Since Superintendent Veronica García announced her resignation just under a month ago, members of the Santa Fe Public Schools Board of Education have not made efforts to hide their sadness over the news, "It breaks my heart that she's leaving, but she has to do what she needs to do," Board Vice President Rudy Garcia said at last week's board meeting, "It's going to be some big shoes to fill."

The board is working in overdrive to find a replacement for García before she takes her leave at the end of June. As multiple board members have noted, hiring a new superintendent remains their most important job.

The board narrowed the pool of candidates from 17 to six during an executive session Thursday, then announced those people will join the board for interviews on Saturday, April 17.

Four of the selected candidates are current leaders in SFPS. Associate Superintendents Vanessa Romero (Instruction and School Support) and Hilario Chavez (Athletics, Activities and School Support) are up against Deputy Superintendent Kristy Janda Wagner (Operations and School Support). Julie Lucero, the executive director for Exceptional Student Services, is also in the race.

Another applicant has ties to the district. Gabriella Blakey is the chief operations officer with Albuquerque Public Schools but previously worked as an associate superintendent with SFPS. Curtis Clough hails from Silver City, where he has worked as the associate superintendent for Silver Consolidated School District for the past three years.

The district posted candidates' résumés and letters of interest for public review after the board announced the selection on Thursday.

As the board wrapped up for the evening, members recognized the valuable contributions of Deputy Superintendent Linda Sink, who announced her resignation from SFPS this week. With three of the six candidates currently working under Sink, her influence speaks for itself.

Because Santa Fe is not the only district in the state looking for a new district head—20 others in the state are searching for new superintendents—the board hopes to move quickly to fill García's shoes.

"We want our first choice," Kate Noble, the board president, told SFR in an interview earlier this week.

Though the community doesn't get a vote on selecting a new superintendent, Noble said she plans to hold "listening sessions" to learn from community members about their hopes for district leadership. In a training session for board members, Hugh Prather from New Mexico School Boards Association suggested the board invite district staff and students to also provide feedback on candidates to gather more data about each potential head.

García said the board remains committed to transparency in the hiring process by allowing individuals to contact members of the board and view the résumés of the interested candidates.

Tony Ortiz, the district's legal counsel, reminded the board that a candidate may come across as finicky in negotiations over their compensation packages. He encouraged the board to focus instead on developing a positive relationship with the incoming leader. "Nobody's trying to insult you when they negotiate with you," Ortiz said in Thursday's meeting.

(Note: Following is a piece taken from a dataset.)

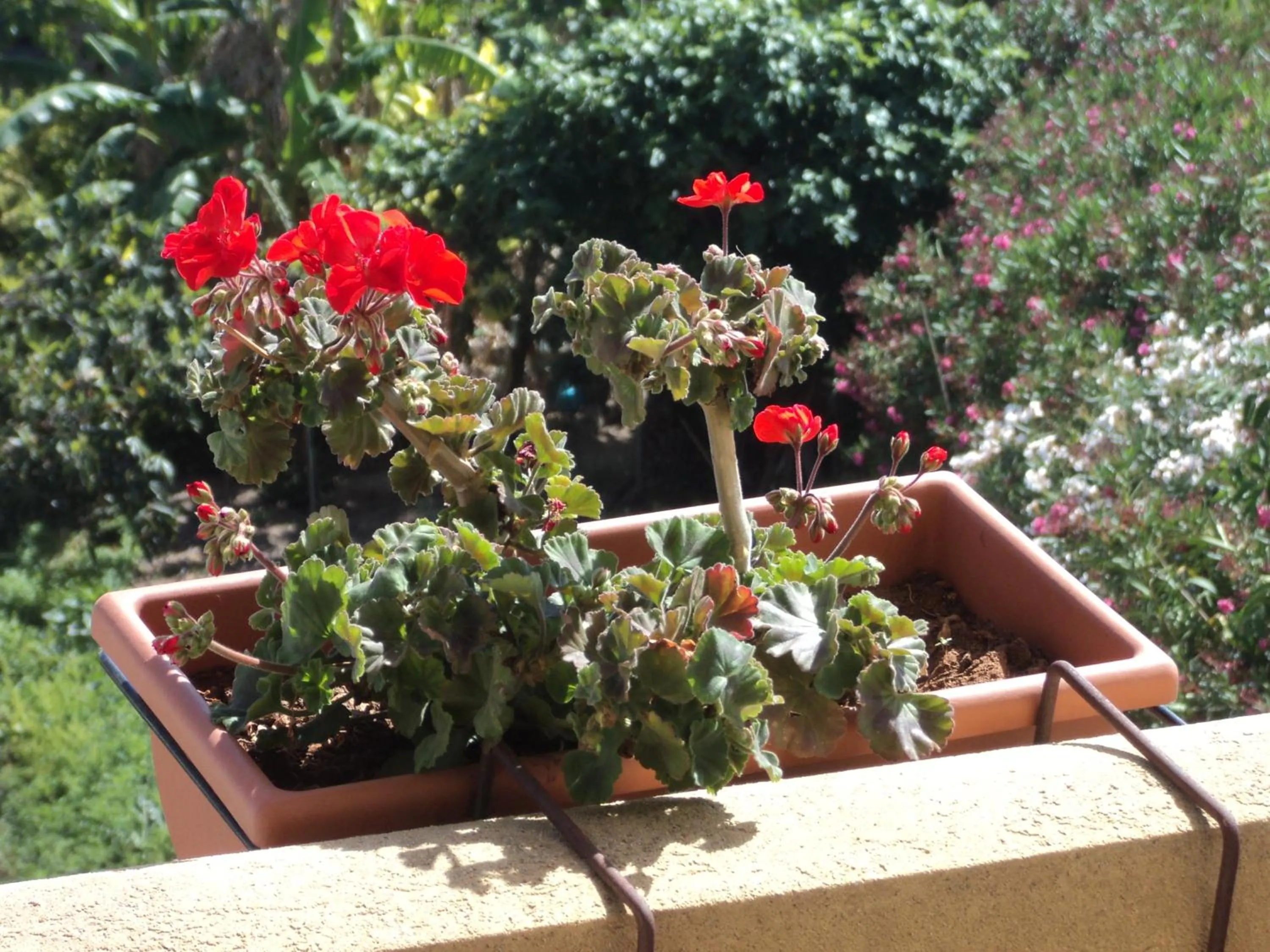 Balcony/Terrace in B&B Sbarco dei 1000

Additionally, Ortiz urged compromise among board members, "If you can get a unanimous 5-0 vote going in, it sure is the kind of vote of confidence that a new candidate wants and I think that this board wants to get behind them."

Between García's two tenures as superintendent—she first served from 1999 to 2002—SFPS operated under the leadership of Bobbie Gutierrez, a local educator who spent much of her career in Santa Fe schools, and Joel Boyd, an administrator from Philadelphia who ended his time with SFPS a year before his contract expired.

The board hopes to find a replacement who will continue the progress made under Superintendent García—also a candidate that shares her local knowledge and expertise.

"Bringing in some super smart person who can't feel who we are in Santa Fe does not work," Noble said, "It creates a learning curve that we can't afford to have. We need to have somebody who understands us."